══ INPUT FOR THIS TASK ══

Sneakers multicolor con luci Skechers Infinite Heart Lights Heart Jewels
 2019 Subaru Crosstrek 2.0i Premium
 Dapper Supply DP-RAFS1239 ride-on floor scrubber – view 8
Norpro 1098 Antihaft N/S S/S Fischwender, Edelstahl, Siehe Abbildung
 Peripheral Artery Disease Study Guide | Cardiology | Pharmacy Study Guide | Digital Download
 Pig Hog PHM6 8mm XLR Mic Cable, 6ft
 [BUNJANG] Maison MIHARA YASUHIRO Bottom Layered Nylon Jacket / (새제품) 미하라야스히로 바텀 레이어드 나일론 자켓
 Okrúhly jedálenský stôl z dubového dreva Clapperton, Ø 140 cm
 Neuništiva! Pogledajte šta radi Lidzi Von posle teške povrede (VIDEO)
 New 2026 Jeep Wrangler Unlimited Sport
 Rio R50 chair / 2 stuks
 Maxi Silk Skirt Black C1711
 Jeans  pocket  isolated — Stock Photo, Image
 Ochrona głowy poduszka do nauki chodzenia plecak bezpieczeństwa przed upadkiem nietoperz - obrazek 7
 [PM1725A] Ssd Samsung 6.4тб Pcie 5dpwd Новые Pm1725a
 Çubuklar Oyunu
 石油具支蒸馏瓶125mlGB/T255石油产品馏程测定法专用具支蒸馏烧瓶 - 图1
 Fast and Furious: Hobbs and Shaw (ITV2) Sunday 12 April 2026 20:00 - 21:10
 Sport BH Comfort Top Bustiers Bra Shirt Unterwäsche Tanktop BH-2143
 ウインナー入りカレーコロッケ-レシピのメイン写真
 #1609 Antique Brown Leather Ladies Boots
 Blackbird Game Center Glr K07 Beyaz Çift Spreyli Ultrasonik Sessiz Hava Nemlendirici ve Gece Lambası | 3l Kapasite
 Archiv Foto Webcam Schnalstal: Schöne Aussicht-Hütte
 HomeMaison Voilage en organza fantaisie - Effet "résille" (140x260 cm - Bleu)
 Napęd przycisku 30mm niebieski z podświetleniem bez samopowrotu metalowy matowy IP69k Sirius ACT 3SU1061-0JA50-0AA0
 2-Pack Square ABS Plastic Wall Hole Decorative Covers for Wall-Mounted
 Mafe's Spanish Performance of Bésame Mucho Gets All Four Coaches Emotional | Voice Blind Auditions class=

═══

Going through the records above line by line, tally those with the word "Sport" and answer with the number only.

2